Coïncidences et fantômes | Étendue et résolution | Relatifs ou absolus | Distances projetées | Valeurs

   C'est l'attribut de la masse spatiale qui semble a priori le plus facile à définir, et c'est même souvent le seul qui soit pris en compte lorsqu'on parle de "spatialisation". Et pourtant !
Le site serait la zone correspondant à l'impression de localisation, plus ou moins précise ou diffuse selon les valeurs des autres attributs.

 

 Masses
 coïncidentes et
 sites fantômes

   Sur le plan de la perception autant que pour la réalisation, l'aire et le site sont toujours étroitement liés.
Prenons un exemple.

   Dans les techniques de "spatialisation" les plus simples (c'est à dire celles qui permettent de traiter quelques attributs de la masse spatiale) comme celles qui sont basées sur les modules "surround" de nos logiciels multipistes, la présentation visuelle des outils permet de situer sur les différents canaux d'un dispositif de projection qui en comportant le plus souvent de 5 à 8, un objet dont la masse-canal initiale est généralement égale à 1 ou 2 (mono ou stéréo).

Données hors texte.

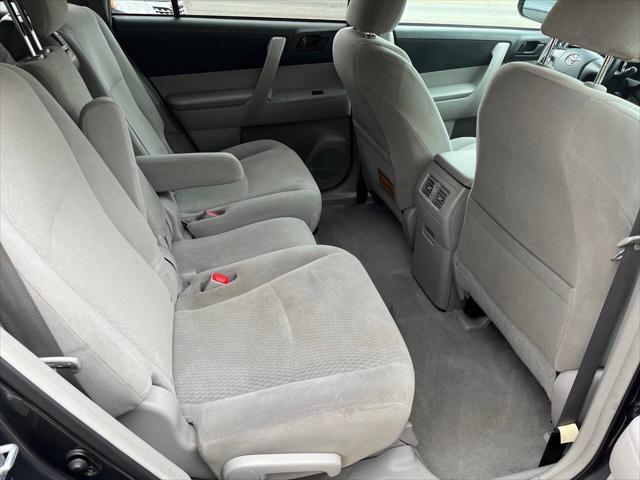 used 2010 Toyota Highlander car, priced at $10,800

   Lorsque l'aire de la nouvelle masse est égale à 1 (en nombre de canaux), l'objet est projeté par un seul canal / enceinte. C'est ce qui est représenté sur les trois premières vues : le site est tour à tour égal aux canaux Avant-Gauche, Centre et Avant-Droit (voir sur la page consacrée à l'aire la description des points de vue), la masse spatiale est toute entière supportée et définie à chaque fois par un seul canal / point de projection, le site coïncide avec la masse-canal.
   Dans ce cas on a l'habitude de nommer le site "position", un peu comme pour le critère de masse spectrale lorsque le spectre est "pur" (une seule fréquence) et qu'on le nomme "hauteur".
   Les différences de valeur du site sur les trois vues si elles sont enchaînées correspondent à une translation discrète, analogue à une transposition de hauteur dans le domaine de la masse spectrale (voir les variations de masse).

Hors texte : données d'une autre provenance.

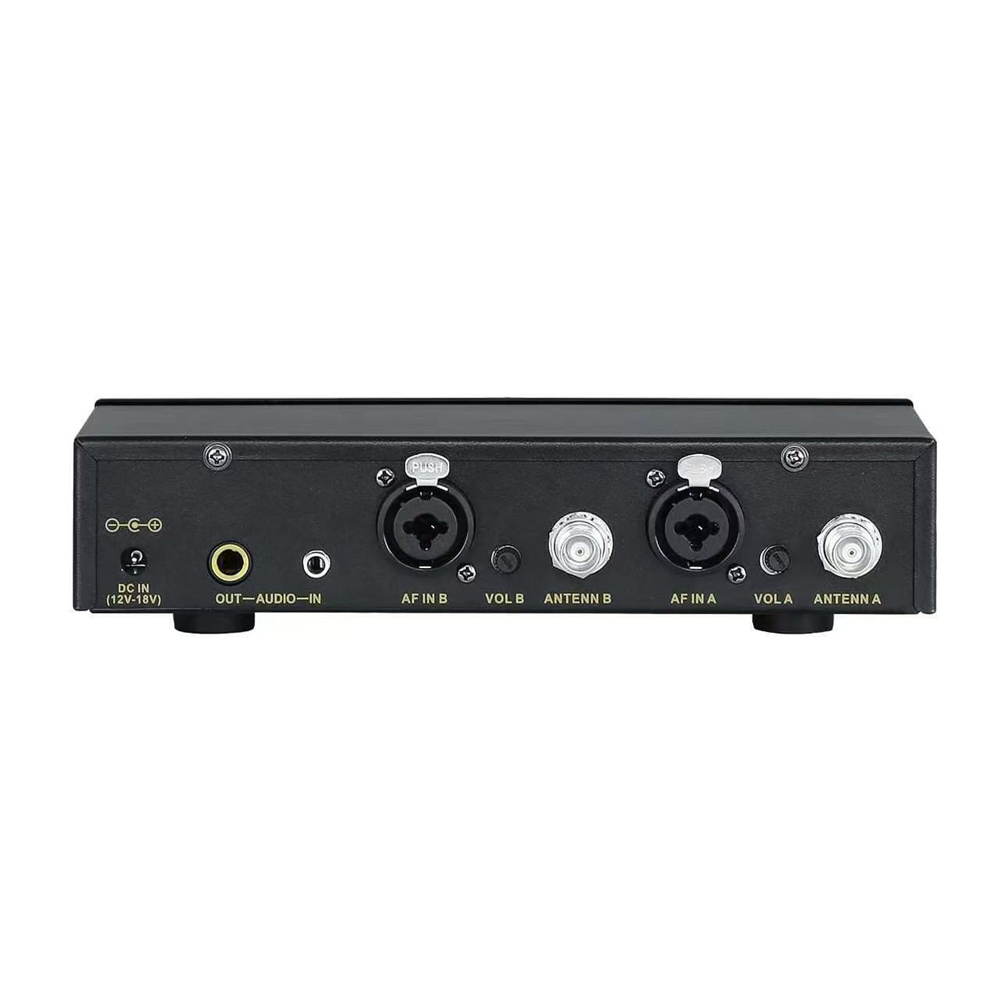 ระบบมอนิเตอร์ไร้สายแบบอินเอียร - In Ear Monitors For Singers บทวิจารณ์และราคา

   Par contre, si l'on regarde (et écoute, j'espère bientôt...) la quatrième vue, la masse spatiale y est répartie sur deux canaux : la masse-canal est égale à 2 et l'aire est délimitée par les canaux Centre et Avant-Droit. Le site apparent, tout du moins si l'auditeur est placé au point focal du dispositif (l'endroit où convergent les lignes), se situe juste entre le canal central et l'avant-droit (lorsque la densité est égale sur les deux canaux et l'organisation homogènbe, n'oublions pas).
   Cette technique de panoramique d'intensité décrite à propos de la projection directe met en jeu pour se réaliser un changement temporaire de l'aire (au minimu de 1 à 2 canaux) associée à une variation de la densité.
   Du point de vue de la masse-canal, un objet "monophonique" projeté par une seule enceinte ou réparti sur deux constitue donc deux cas différents, ce qui correspond bien à la réalité du support, de la projection et du son.

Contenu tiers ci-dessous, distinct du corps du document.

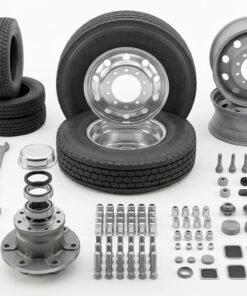 Wheels, Tires & Hubs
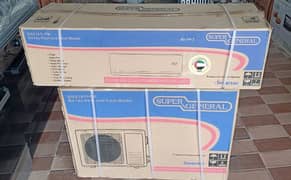 Super General Dc inverter split Air conditioner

   La perception spatialement floue du site dans le quatrième cas lui vaut le nom de "fantôme". Contrairement à un site coïncident, un site fantôme possède toujours une masse-canal égale ou supérieure à 2. Il n'y a pas de limite à l'aire d'un site fantôme (la technique VBAP utilise deux ou trois canaux), tout ce qu'on peut constater, c'est que plus l'aire est importante plus la perception du site devient floue et tend à disparaître en tant que telle...

 

 

 Le site, l'aire
 et la résolution

De la combinaison de ces trois attributs dépendent les possibilités de localisation du site.

Lorsque la masse-canal est égale à 1, il y a forcément coïncidence entre celle-ci et la masse apparente. La précision de la localisation est maximum (en fonction des autres critères bien sûr). L'équivalence dans le domaine spectral serait le "son pur".

Lorsque la masse-canal est supérieure à 1, que l'aire est faible et qu'elle est égale à la résolution, le site peut être défini plus ou moins précisément. Si l'organisation est homogène on obtient un site fantôme. L'équivalence dans le domaine spectral serait le "son tonique".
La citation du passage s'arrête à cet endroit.